Nietzsche, however, conceives these “desirable” things as the “uppermost values” or “morality understood as the doctrine of the relations of supremacy under which the phenomenon ‘life’ comes to be—“ (Beyond Good and Evil #19) Nietzsche’s “de-struction” of this hierarchy and of the history of metaphysical philosophy is not directed toward an understanding of the past that is historiological in nature, but rather, toward that time which is to come. Because beings as a whole are conceived in the realm of the supra-sensuous which is conceived as ‘true being’, God, the moral law, the authority of reason, “progress”, the happiness of the greatest number become the ideals which have been established. These “ideals” become the preserve of those human beings that Nietzsche referred to as “the last men”, that is, the last men before the arrival of the “overman”; but the ideals of the last men are founded upon nihilism. The “overman” is the highest condition of human being as such for he recognizes beings as will to power and judges “their value for life” as their highest being.

The “devaluation of the highest values hitherto” is what is meant by Nietzsche’s most famous expression “God is dead”. Not only is the Christian God dead but all “higher principles” be they the “authority of conscience”, the “domination of reason”, the God of “historical progress”, “the universal, homogeneous state” are also dead. They come to lose their power to shape history. For Nietzsche, the positing of the uppermost values, their falsification, devaluation, de-position, the appearance of the world as temporarily valueless, the need to replace prior values with new ones, the new positing as revaluation, and the preliminary stages of this revaluation are the “logic” inherent in nihilism itself. For Nietzsche, the cause of nihilism is “morality” where ideals of truth, beauty and goodness are valued “in themselves”. When these values show themselves to be unattainable, life appears to be unsuitable and unable to realize these values. “Pessimism” is a preliminary form of nihilism (WP #9).

One can find among the first examples of this “devaluation” the writings of Machiavelli where political philosophy is designed to deal with human beings “as they really are” and not with human beings as “they should be”. The ideal is removed; the standard is lowered, the hierarchy of nature is removed, and a leveling takes place. Machiavelli could be said to be the step-grandfather of what we call today the human or social sciences. That Machiavelli was an “evil man” goes without saying…he himself claims so.

Nietzsche describes the arrival of nihilism in various stages due to the pessimism brought about by the inability to achieve the “ideals” which have been posited for the whole of beings. What he calls “imperfect nihilism” denies the highest values that have been held historically but simply posits new ideals in the old places. So, for example, “communism” comes to replace the early forms of Christianity. These halfway measures postpone the decisive overthrow of the uppermost values. Nietzsche called Kant “the great delayer”, and much of modern thinking uses Kant to retain some kind of faith in a “transcendental” “supra-sensuous” realm.

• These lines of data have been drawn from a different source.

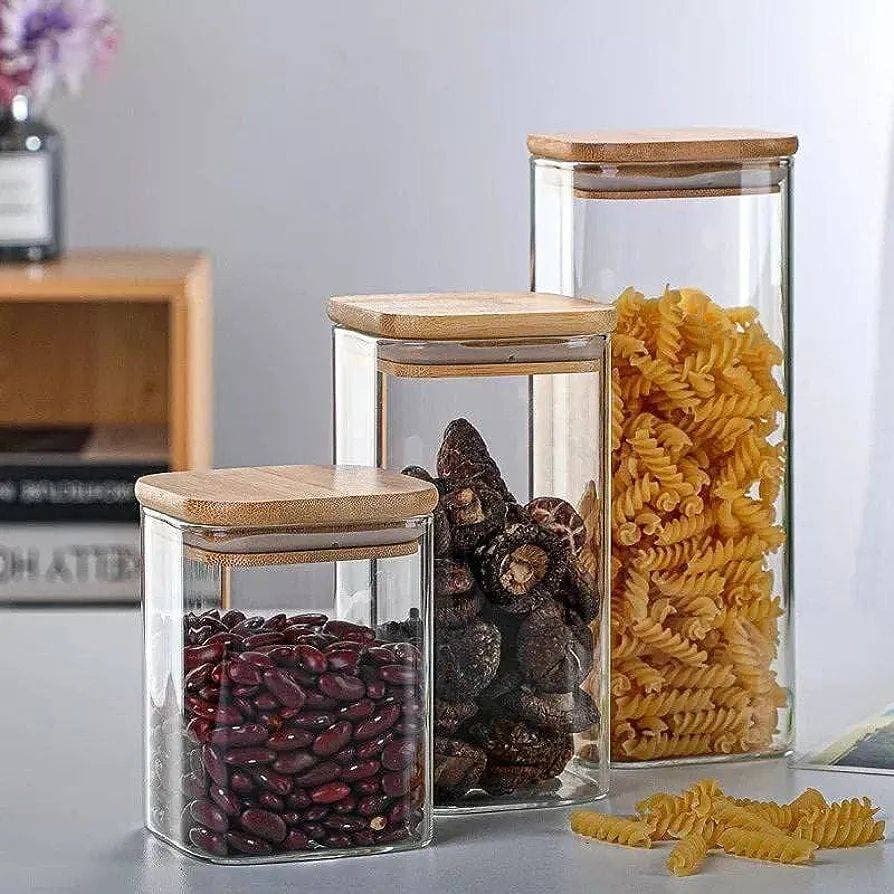 Pack Of 3 - Square Round Wooden Lid Glass Jar Food Storage Set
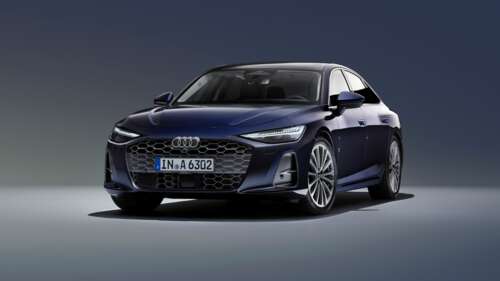 A high-resolution, detailed view of a 2025 Audi A6 TFSI quattro luxury sedan. background images hd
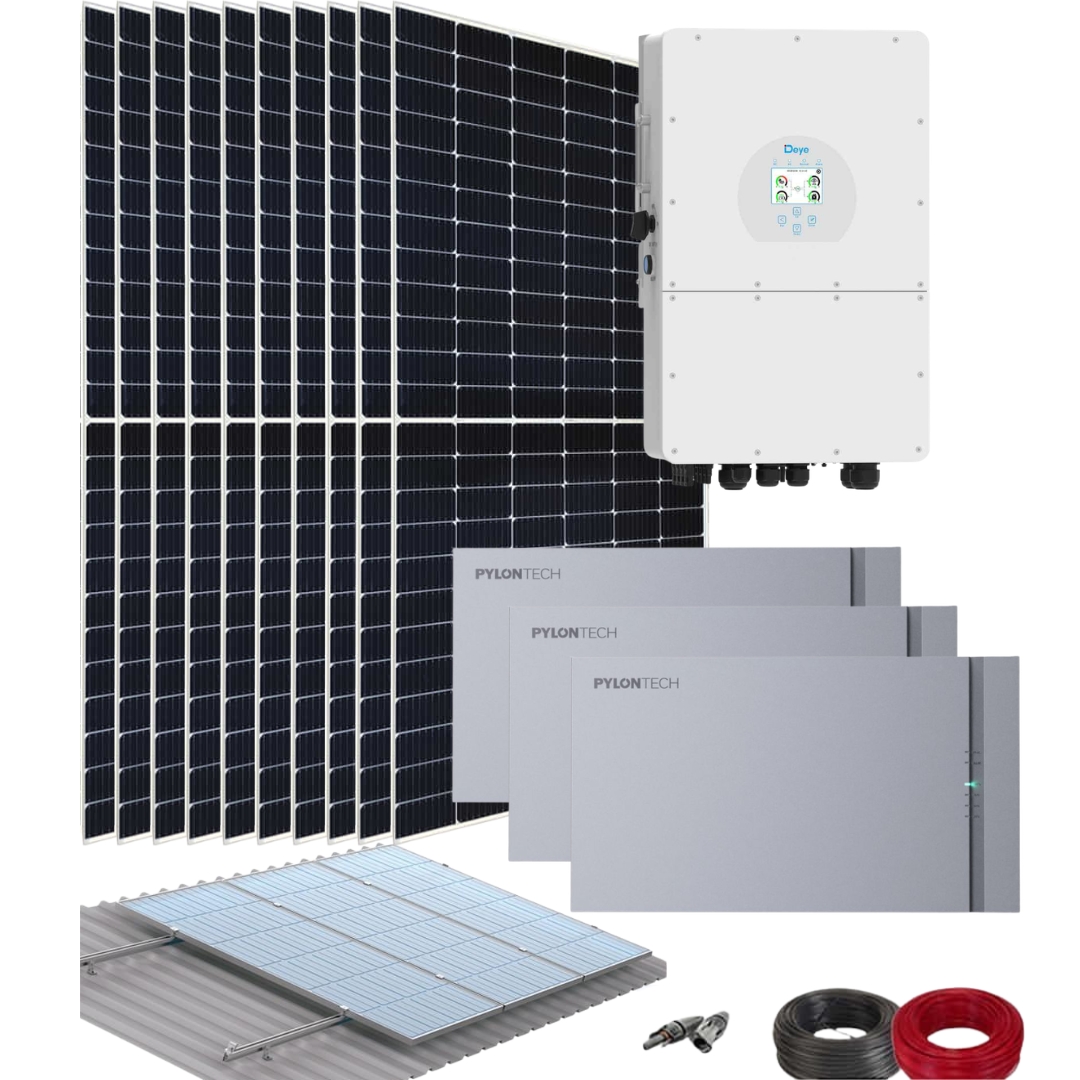 Kit Energía Solar Híbrido para Instalar Placas Solares con Inversor Deye Trifásico 6000W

The thinking that Nietzsche affirms is that thinking which shifts the place where new valuations will become possible. “Values” are conceived as conditions of will to power and beings as a whole are thought of in terms of values. Our language of “empowerment” and “quality of life” are examples of the values-thinking permeating our modern discourse. The value of the totality of beings is captured in Nietzsche’s concept of “eternal recurrence of the same” i.e. the value of the whole cannot be determined but evolves perpetually.

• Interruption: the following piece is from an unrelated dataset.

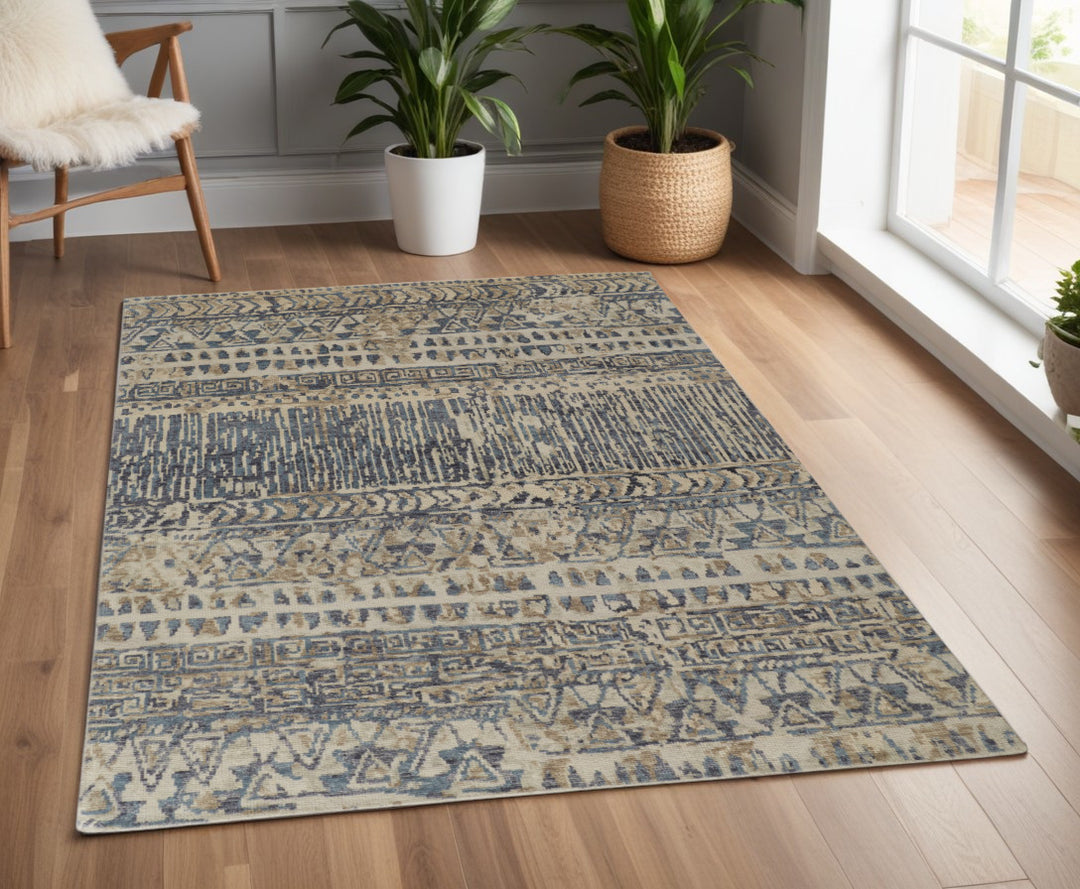 4' X 6' Gray and Blue Wool Geometric Hand Knotted Area Rug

Nietzsche conceives all “meaning” as “purpose” and “end”, and purpose and end are values. Therefore, he can say that “absolute valuelessness”, that is meaninglessness, “aimless in itself”,  is “a fundamental tenet of faith for the nihilist”. Today, science attempts to ignore its own crisis in its understanding of its meaning and purpose and it is indicative that science is will to power for its own sake, the simple will to will. As science, as knowledge, it is “useless” and “valueless”.